··· Input records

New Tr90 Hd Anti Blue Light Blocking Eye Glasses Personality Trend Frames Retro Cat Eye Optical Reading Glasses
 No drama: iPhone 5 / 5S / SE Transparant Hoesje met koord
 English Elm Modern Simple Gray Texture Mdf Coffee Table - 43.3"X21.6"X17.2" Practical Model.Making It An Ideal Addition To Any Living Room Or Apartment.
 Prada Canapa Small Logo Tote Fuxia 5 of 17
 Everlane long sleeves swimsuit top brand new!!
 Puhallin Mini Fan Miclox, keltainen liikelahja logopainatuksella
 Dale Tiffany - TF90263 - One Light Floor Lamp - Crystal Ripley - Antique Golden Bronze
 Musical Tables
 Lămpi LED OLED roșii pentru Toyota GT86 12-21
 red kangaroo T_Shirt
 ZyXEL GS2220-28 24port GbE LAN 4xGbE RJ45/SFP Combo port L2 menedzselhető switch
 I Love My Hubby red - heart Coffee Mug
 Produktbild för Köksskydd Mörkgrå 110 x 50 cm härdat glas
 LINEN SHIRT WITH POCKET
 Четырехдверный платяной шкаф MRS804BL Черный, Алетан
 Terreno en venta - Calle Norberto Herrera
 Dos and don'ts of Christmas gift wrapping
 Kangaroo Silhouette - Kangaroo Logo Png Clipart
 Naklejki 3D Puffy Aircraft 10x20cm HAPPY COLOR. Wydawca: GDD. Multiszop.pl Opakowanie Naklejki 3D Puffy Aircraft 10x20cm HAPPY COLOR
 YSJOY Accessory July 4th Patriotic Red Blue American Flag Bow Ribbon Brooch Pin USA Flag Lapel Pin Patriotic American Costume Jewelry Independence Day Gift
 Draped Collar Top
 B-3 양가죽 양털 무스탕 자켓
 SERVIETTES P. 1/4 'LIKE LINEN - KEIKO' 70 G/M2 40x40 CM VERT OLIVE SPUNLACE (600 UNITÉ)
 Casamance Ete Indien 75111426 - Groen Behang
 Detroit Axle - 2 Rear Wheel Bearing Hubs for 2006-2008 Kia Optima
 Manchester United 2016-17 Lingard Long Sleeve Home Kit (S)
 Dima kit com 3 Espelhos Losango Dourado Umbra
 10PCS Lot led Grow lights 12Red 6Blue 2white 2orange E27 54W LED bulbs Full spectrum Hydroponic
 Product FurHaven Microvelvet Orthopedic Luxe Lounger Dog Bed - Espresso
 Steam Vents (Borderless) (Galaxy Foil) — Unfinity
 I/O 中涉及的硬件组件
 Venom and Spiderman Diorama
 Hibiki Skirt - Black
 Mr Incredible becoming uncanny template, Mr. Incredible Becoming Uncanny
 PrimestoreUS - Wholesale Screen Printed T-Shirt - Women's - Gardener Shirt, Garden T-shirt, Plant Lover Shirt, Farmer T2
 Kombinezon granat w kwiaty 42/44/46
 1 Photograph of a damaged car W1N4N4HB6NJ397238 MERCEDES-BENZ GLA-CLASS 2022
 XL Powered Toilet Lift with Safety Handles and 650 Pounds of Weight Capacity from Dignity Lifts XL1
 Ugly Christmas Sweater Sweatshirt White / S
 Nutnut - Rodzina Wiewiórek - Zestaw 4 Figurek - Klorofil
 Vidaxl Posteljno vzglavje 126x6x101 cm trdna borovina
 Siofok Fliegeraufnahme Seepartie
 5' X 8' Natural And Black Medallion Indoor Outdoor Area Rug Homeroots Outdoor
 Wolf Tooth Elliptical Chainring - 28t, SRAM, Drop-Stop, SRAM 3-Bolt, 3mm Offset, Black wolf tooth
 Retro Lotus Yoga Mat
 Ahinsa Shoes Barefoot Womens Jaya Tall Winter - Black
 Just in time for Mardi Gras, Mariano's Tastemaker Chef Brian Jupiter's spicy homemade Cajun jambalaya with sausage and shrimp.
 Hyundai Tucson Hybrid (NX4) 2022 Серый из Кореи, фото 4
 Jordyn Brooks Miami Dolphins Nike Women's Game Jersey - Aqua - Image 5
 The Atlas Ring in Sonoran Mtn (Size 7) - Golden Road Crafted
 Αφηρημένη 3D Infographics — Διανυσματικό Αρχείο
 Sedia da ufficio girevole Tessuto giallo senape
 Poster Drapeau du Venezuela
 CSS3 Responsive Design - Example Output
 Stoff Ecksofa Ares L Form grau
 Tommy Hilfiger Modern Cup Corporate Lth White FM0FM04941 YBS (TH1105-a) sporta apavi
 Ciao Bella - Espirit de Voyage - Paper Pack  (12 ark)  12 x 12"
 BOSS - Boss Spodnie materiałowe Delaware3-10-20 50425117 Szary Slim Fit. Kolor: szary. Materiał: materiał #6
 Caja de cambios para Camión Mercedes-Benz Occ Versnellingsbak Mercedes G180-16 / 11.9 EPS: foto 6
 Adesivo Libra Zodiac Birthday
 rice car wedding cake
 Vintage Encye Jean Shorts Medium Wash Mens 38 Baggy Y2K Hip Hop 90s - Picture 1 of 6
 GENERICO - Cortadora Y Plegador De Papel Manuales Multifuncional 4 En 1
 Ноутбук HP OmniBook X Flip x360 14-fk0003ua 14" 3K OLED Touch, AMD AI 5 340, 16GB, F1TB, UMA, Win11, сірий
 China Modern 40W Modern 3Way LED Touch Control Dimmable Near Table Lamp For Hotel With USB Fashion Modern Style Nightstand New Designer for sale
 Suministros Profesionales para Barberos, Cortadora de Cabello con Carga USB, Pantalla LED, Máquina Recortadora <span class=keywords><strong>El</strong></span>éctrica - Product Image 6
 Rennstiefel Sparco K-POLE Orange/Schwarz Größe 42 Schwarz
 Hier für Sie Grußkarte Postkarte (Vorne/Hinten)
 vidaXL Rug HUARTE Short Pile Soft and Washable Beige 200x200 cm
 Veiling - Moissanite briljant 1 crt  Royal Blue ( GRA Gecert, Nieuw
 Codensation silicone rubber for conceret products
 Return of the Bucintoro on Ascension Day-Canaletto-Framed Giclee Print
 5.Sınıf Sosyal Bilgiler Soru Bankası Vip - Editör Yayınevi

······

What this exercise asks for is an exact copy of all the records.

Response:
New Tr90 Hd Anti Blue Light Blocking Eye Glasses Personality Trend Frames Retro Cat Eye Optical Reading Glasses
 No drama: iPhone 5 / 5S / SE Transparant Hoesje met koord
 English Elm Modern Simple Gray Texture Mdf Coffee Table - 43.3"X21.6"X17.2" Practical Model.Making It An Ideal Addition To Any Living Room Or Apartment.
 Prada Canapa Small Logo Tote Fuxia 5 of 17
 Everlane long sleeves swimsuit top brand new!!
 Puhallin Mini Fan Miclox, keltainen liikelahja logopainatuksella
 Dale Tiffany - TF90263 - One Light Floor Lamp - Crystal Ripley - Antique Golden Bronze
 Musical Tables
 Lămpi LED OLED roșii pentru Toyota GT86 12-21
 red kangaroo T_Shirt
 ZyXEL GS2220-28 24port GbE LAN 4xGbE RJ45/SFP Combo port L2 menedzselhető switch
 I Love My Hubby red - heart Coffee Mug
 Produktbild för Köksskydd Mörkgrå 110 x 50 cm härdat glas
 LINEN SHIRT WITH POCKET
 Четырехдверный платяной шкаф MRS804BL Черный, Алетан
 Terreno en venta - Calle Norberto Herrera
 Dos and don'ts of Christmas gift wrapping
 Kangaroo Silhouette - Kangaroo Logo Png Clipart
 Naklejki 3D Puffy Aircraft 10x20cm HAPPY COLOR. Wydawca: GDD. Multiszop.pl Opakowanie Naklejki 3D Puffy Aircraft 10x20cm HAPPY COLOR
 YSJOY Accessory July 4th Patriotic Red Blue American Flag Bow Ribbon Brooch Pin USA Flag Lapel Pin Patriotic American Costume Jewelry Independence Day Gift
 Draped Collar Top
 B-3 양가죽 양털 무스탕 자켓
 SERVIETTES P. 1/4 'LIKE LINEN - KEIKO' 70 G/M2 40x40 CM VERT OLIVE SPUNLACE (600 UNITÉ)
 Casamance Ete Indien 75111426 - Groen Behang
 Detroit Axle - 2 Rear Wheel Bearing Hubs for 2006-2008 Kia Optima
 Manchester United 2016-17 Lingard Long Sleeve Home Kit (S)
 Dima kit com 3 Espelhos Losango Dourado Umbra
 10PCS Lot led Grow lights 12Red 6Blue 2white 2orange E27 54W LED bulbs Full spectrum Hydroponic
 Product FurHaven Microvelvet Orthopedic Luxe Lounger Dog Bed - Espresso
 Steam Vents (Borderless) (Galaxy Foil) — Unfinity
 I/O 中涉及的硬件组件
 Venom and Spiderman Diorama
 Hibiki Skirt - Black
 Mr Incredible becoming uncanny template, Mr. Incredible Becoming Uncanny
 PrimestoreUS - Wholesale Screen Printed T-Shirt - Women's - Gardener Shirt, Garden T-shirt, Plant Lover Shirt, Farmer T2
 Kombinezon granat w kwiaty 42/44/46
 1 Photograph of a damaged car W1N4N4HB6NJ397238 MERCEDES-BENZ GLA-CLASS 2022
 XL Powered Toilet Lift with Safety Handles and 650 Pounds of Weight Capacity from Dignity Lifts XL1
 Ugly Christmas Sweater Sweatshirt White / S
 Nutnut - Rodzina Wiewiórek - Zestaw 4 Figurek - Klorofil
 Vidaxl Posteljno vzglavje 126x6x101 cm trdna borovina
 Siofok Fliegeraufnahme Seepartie
 5' X 8' Natural And Black Medallion Indoor Outdoor Area Rug Homeroots Outdoor
 Wolf Tooth Elliptical Chainring - 28t, SRAM, Drop-Stop, SRAM 3-Bolt, 3mm Offset, Black wolf tooth
 Retro Lotus Yoga Mat
 Ahinsa Shoes Barefoot Womens Jaya Tall Winter - Black
 Just in time for Mardi Gras, Mariano's Tastemaker Chef Brian Jupiter's spicy homemade Cajun jambalaya with sausage and shrimp.
 Hyundai Tucson Hybrid (NX4) 2022 Серый из Кореи, фото 4
 Jordyn Brooks Miami Dolphins Nike Women's Game Jersey - Aqua - Image 5
 The Atlas Ring in Sonoran Mtn (Size 7) - Golden Road Crafted
 Αφηρημένη 3D Infographics — Διανυσματικό Αρχείο
 Sedia da ufficio girevole Tessuto giallo senape
 Poster Drapeau du Venezuela
 CSS3 Responsive Design - Example Output
 Stoff Ecksofa Ares L Form grau
 Tommy Hilfiger Modern Cup Corporate Lth White FM0FM04941 YBS (TH1105-a) sporta apavi
 Ciao Bella - Espirit de Voyage - Paper Pack  (12 ark)  12 x 12"
 BOSS - Boss Spodnie materiałowe Delaware3-10-20 50425117 Szary Slim Fit. Kolor: szary. Materiał: materiał #6
 Caja de cambios para Camión Mercedes-Benz Occ Versnellingsbak Mercedes G180-16 / 11.9 EPS: foto 6
 Adesivo Libra Zodiac Birthday
 rice car wedding cake
 Vintage Encye Jean Shorts Medium Wash Mens 38 Baggy Y2K Hip Hop 90s - Picture 1 of 6
 GENERICO - Cortadora Y Plegador De Papel Manuales Multifuncional 4 En 1
 Ноутбук HP OmniBook X Flip x360 14-fk0003ua 14" 3K OLED Touch, AMD AI 5 340, 16GB, F1TB, UMA, Win11, сірий
 China Modern 40W Modern 3Way LED Touch Control Dimmable Near Table Lamp For Hotel With USB Fashion Modern Style Nightstand New Designer for sale
 Suministros Profesionales para Barberos, Cortadora de Cabello con Carga USB, Pantalla LED, Máquina Recortadora <span class=keywords><strong>El</strong></span>éctrica - Product Image 6
 Rennstiefel Sparco K-POLE Orange/Schwarz Größe 42 Schwarz
 Hier für Sie Grußkarte Postkarte (Vorne/Hinten)
 vidaXL Rug HUARTE Short Pile Soft and Washable Beige 200x200 cm
 Veiling - Moissanite briljant 1 crt  Royal Blue ( GRA Gecert, Nieuw
 Codensation silicone rubber for conceret products
 Return of the Bucintoro on Ascension Day-Canaletto-Framed Giclee Print
 5.Sınıf Sosyal Bilgiler Soru Bankası Vip - Editör Yayınevi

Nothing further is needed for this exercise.